-- Your objective --
Please repeat exactly the lines from the one containing "Uni Baby Aktif" through the last line of the records below, both included, and leave out any pictures.

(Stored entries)
┏━━

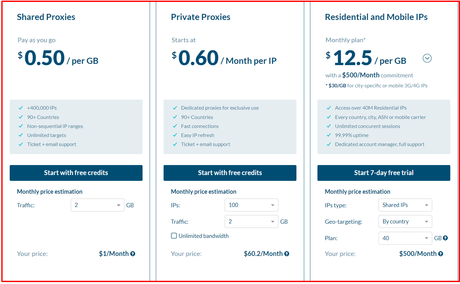 Bright Data Pricing Plans 2022 Is Bright Data Legit?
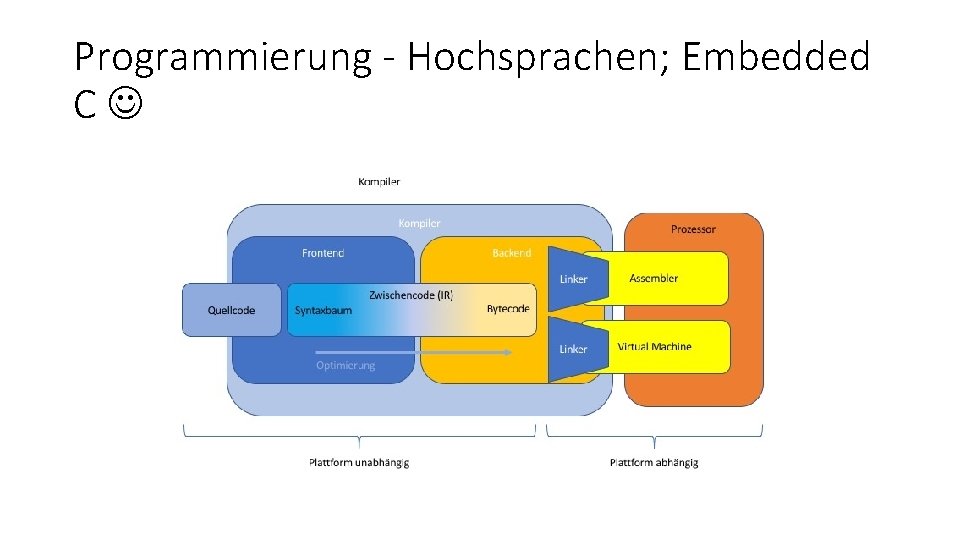 Programmierung - Hochsprachen; Embedded C 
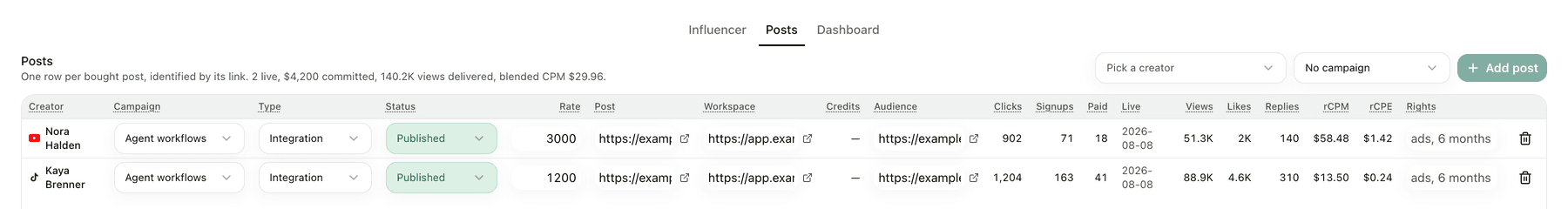 Posts table showing what was paid and what the campaign link delivered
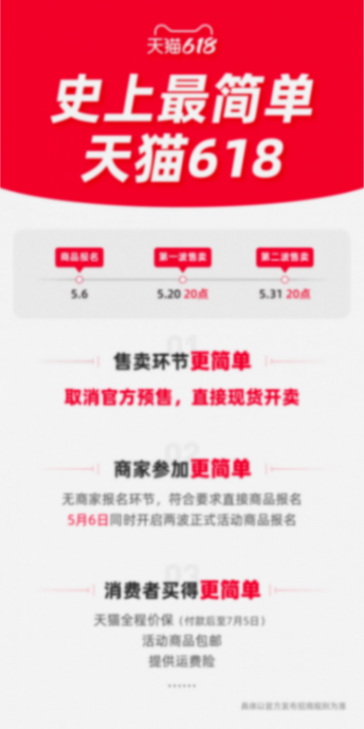 淘寶京東取消預(yù)售!618回歸開(kāi)戰(zhàn)在即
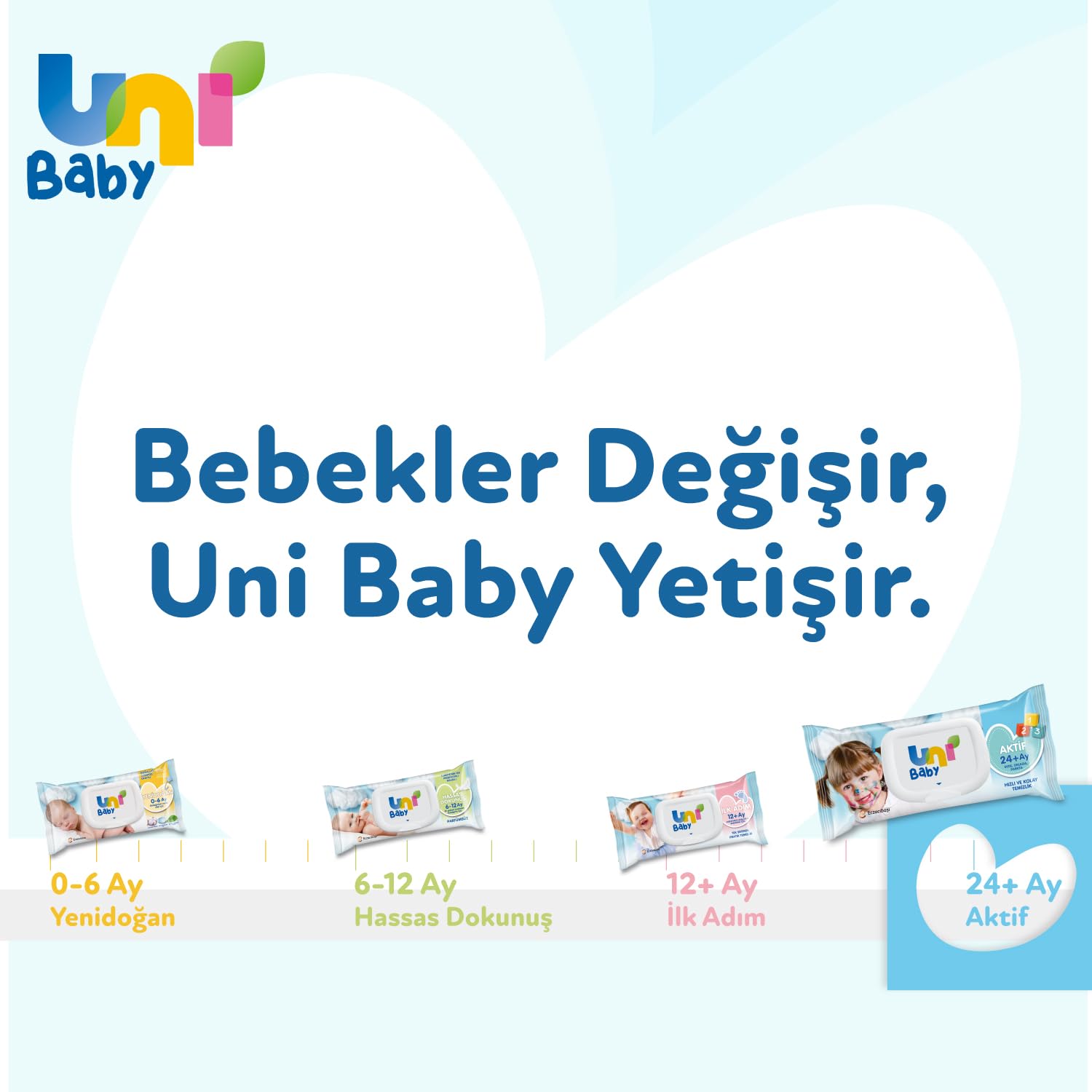 Uni Baby Aktif Simple Clean 3x52'li Islak Mendil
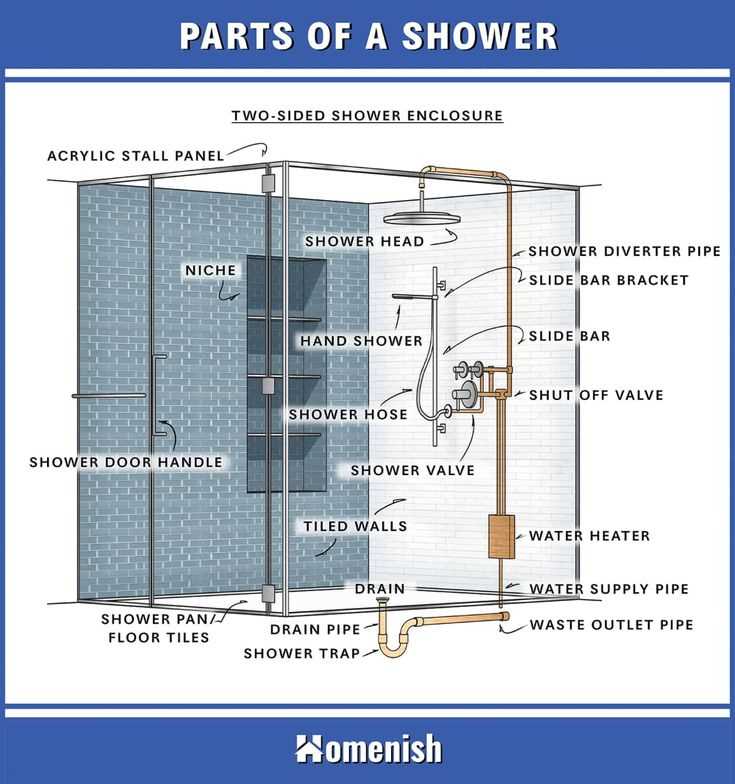 diagram shower faucet parts diagram shower faucet parts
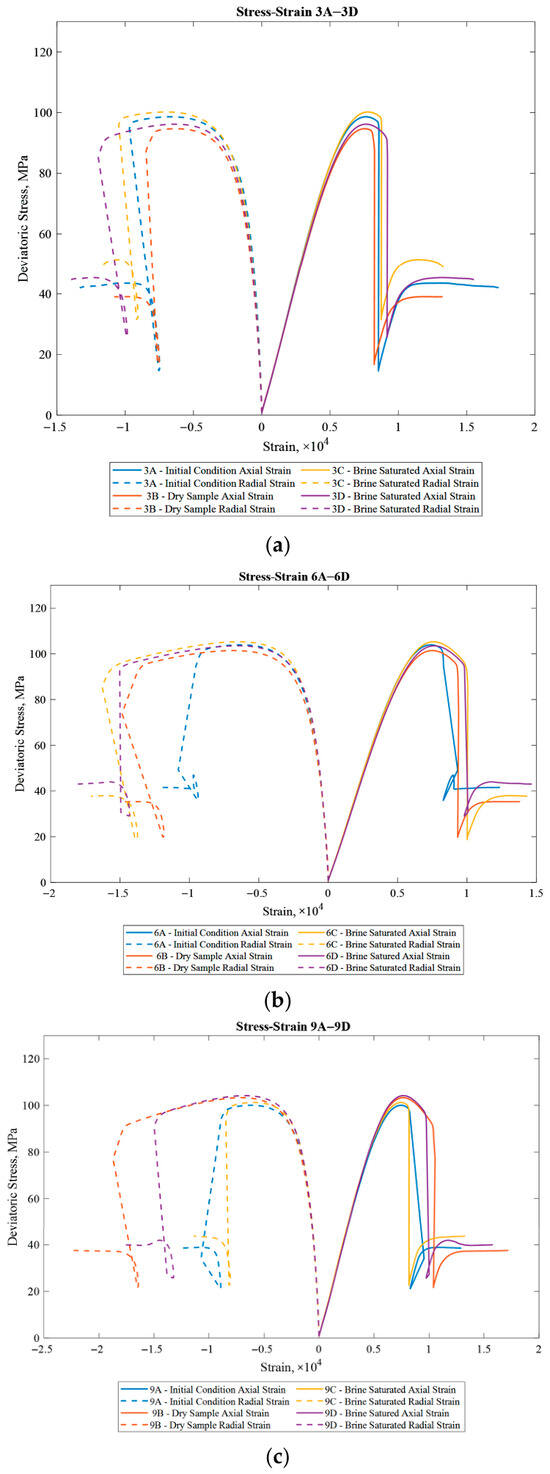Gases 06 00039 g007a Gases 06 00039 g007a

┗━━

-- Solution to the exercise --
 Uni Baby Aktif Simple Clean 3x52'li Islak Mendil
 diagram shower faucet parts diagram shower faucet parts
Gases 06 00039 g007a Gases 06 00039 g007a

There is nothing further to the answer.